Step four, characteristic diagram P under each scale ₁ 、P ₂ 、P ₃ 、P ₄ On the basis, a segmentation module is used for obtaining segmentation results under each scale, and an attention mechanism is used for carrying out self-adaptive fusion on the segmentation results under each scale.

(1) Obtaining the Scale of the segmentation result under each Scale by utilizing the segmentation module ₁ 、Scale ₂ 、Scale ₃ 、Scale ₄ Then, the attention module is utilized to obtain the Weight of the segmentation result under each scale ₁ 、Weight ₂ 、Weight ₃ 、Weight ₄ The segmentation module and attention module both use a convolution kernel of 3x3 to construct:

Scale _n ＝conv_3x3(P _n ),n＝1,2,3,4

Weight _n ＝conv_3x3(P _n ),n＝1,2,3,4

(2) and performing linear fusion on the segmentation results under all scales by using the weight to obtain a final segmentation result:

wherein Output represents a final division structure; an even line indicates a matrix dot product.

And finally, performing linear fusion on the segmentation results under all scales by using the weight to obtain a final segmentation result.

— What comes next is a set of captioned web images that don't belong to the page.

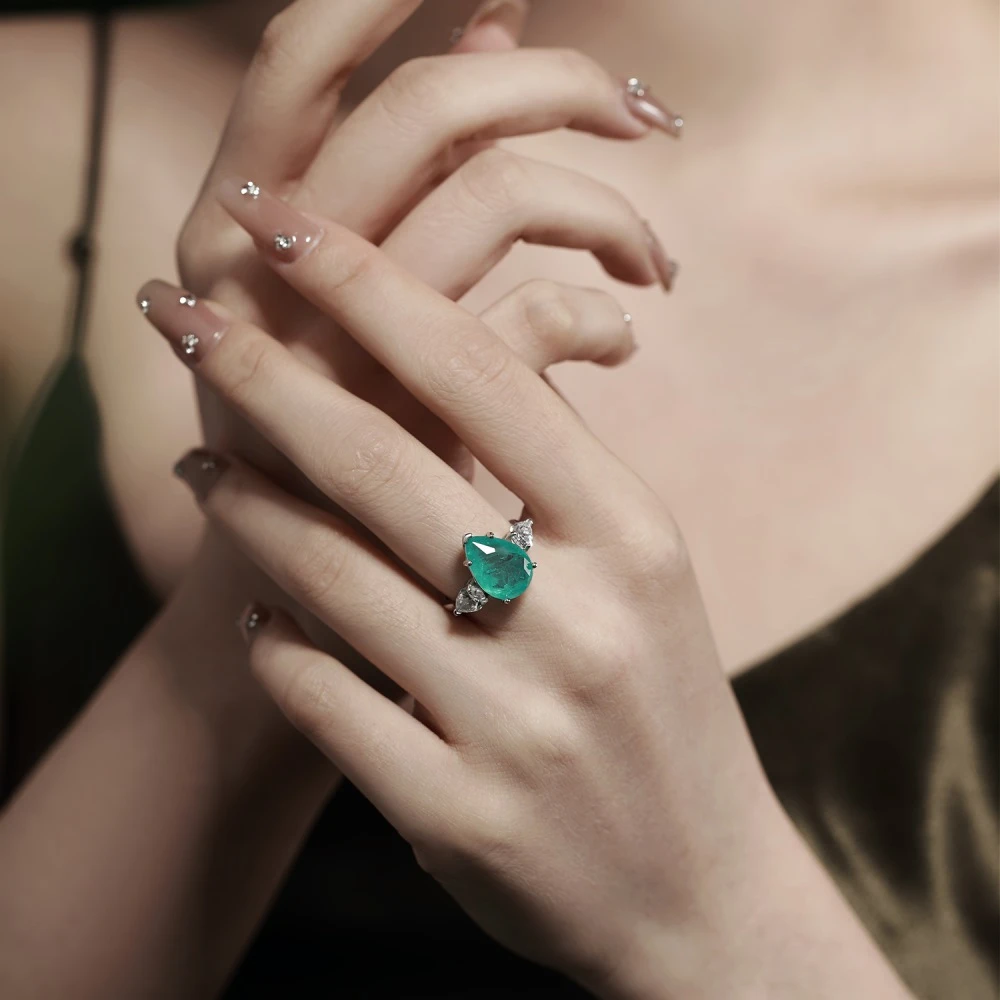 Glam Water Droplets Sterling Silver Plating Zircon Rings 4 Glam Water Droplets Sterling Silver Plating Zircon Rings - Image 2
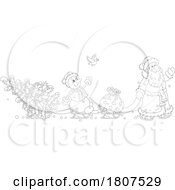 Poster, Art Print Of Cartoon Black And White Santa Claus And Snowman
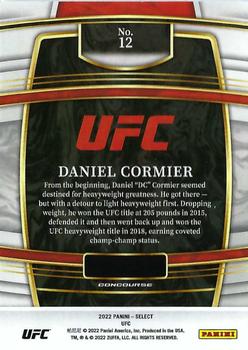 2022 Panini Select UFC #12 Daniel Cormier Back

And fifthly, training the built neural network model by using the data set.

Claims

1. A road scene semantic segmentation method based on multi-scale feature adaptive fusion is characterized by comprising the following steps:

And 2, step: constructing a backbone network based on bidirectional branch information fusion on the Resnet-18 neural network, and constructing a characteristic diagram S ₁ 、S ₂ 、S ₃ 、S ₄ Fusing the left branch from bottom to top and the right branch from top to bottom to obtain a characteristic diagram D of each branch ₁ 、D ₂ 、D ₃ 、D ₄ And U ₁ 、U ₂ 、U ₃ 、U ₄ Finally, fusing the feature maps with the same scale in the two branches to obtain an output F based on the bidirectional branch information fusion backbone network ₁ 、F ₂ 、F ₃ 、F ₄ ；

And step 3: pairing the output F in step 2 with a progressive upsampling module based on optical flow estimation ₁ 、F ₂ 、F ₃ 、F ₄ Performing progressive up-sampling;

calculating the distance between adjacent feature maps in the 4 scale feature maps, namely F, by an optical flow method ₁ And F ₂ 、F ₂ And F ₃ 、F ₃ And F ₄ The optical flow grid of (2). Then F is sampled by a step-by-step up-sampling module by utilizing an optical flow grid ₂ 、F ₃ 、F ₄ Up-sampling to ₁ The same size is obtained to obtain an aligned characteristic diagram P ₁ 、P ₂ 、P ₃ 、P ₄ ；

And 4, step 4: the feature map P under each scale ₁ 、P ₂ 、P ₃ 、P ₄ The input segmentation module obtains a segmentation result Scale under each Scale ₁ 、Scale ₂ 、Scale ₃ 、Scale ₄ Feature map P at simultaneous scales ₁ 、P ₂ 、P ₃ 、P ₄ The input attention module obtains the Weight of the segmentation result under each scale ₁ 、Weight ₂ 、Weight ₃ 、Weight ₄ And finally, carrying out linear fusion on the segmentation results under all scales by using the weight to obtain a final segmentation result.

2. The road scene semantic segmentation method based on the multi-scale feature adaptive fusion according to claim 1,the method is characterized in that: characteristic diagram S in the step 1 ₁ 、S ₂ 、S ₃ 、S ₄ Are 1/4, 1/8, 1/16 and 1/32, respectively, of the original image.